Draymond Green pointed to the racist undertones of the fan-player dynamic when discussing an Oklahoma City heckler.
Now, the Warriors forward is pointing out the racist undertones of the owner-player dynamic. His example: James Dolan-Charles Oakley.
Oakley played several years for the Knicks while the Dolan family owned the team. Oakley was an enforcer who brought immense physicality to the game — helping New York win. Eventually, the Knicks traded him, his contract expired, and he moved on into retirement.
Since, Oakley has publicly criticized Dolan, leading up to Oakley’s violent ejection from Madison Square Garden last week. Dolan and the Knicks responded with a series of statements Oakley said hurt him deeply.
Green, via Marcus Thompson II of The Mercury News:
“You doing it for me, It’s all good,” Green said. “You doing it against me … you speaking out against my organization, it’s not good anymore? That’s a slave mentality. A slave master mentality. That’s ridiculous. It was all fine and dandy when he was laying people out, taking fines and all this stuff for your organization. But now all of a sudden when he says something that he feels, it’s a problem.”
This is not calling Dolan racist.
This is a comment within a reality: Nearly all NBA owners are white, and most NBA players are black.
Of course players are highly paid. Nobody is comparing their wages to slaves’. It’s Dolan’s mentality that Green is exploring.

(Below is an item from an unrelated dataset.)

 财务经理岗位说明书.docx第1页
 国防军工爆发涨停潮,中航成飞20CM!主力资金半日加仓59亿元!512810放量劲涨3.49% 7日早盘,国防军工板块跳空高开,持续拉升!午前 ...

Oakley stopped working for the Knicks nearly two decades ago. But Dolan still attempts to control Oakley through vindictive statements. In Oakley’s telling, Dolan went even further by having Oakley ejected for no just reason. (Dolan said Oakley was belligerent, causing the ejection.) Either way, there appears to be no real compassion for someone whose forcefulness helped make Dolan money. The Knicks got what they could from Oakley, and now that’s he’s not spouting the company line, they disparage him
Dolan doesn’t have to like Oakley’s criticism of him. But at a certain point, Dolan should also realizes how his harsh jabs at a former former employee — who excelled at the job — fit into the greater context.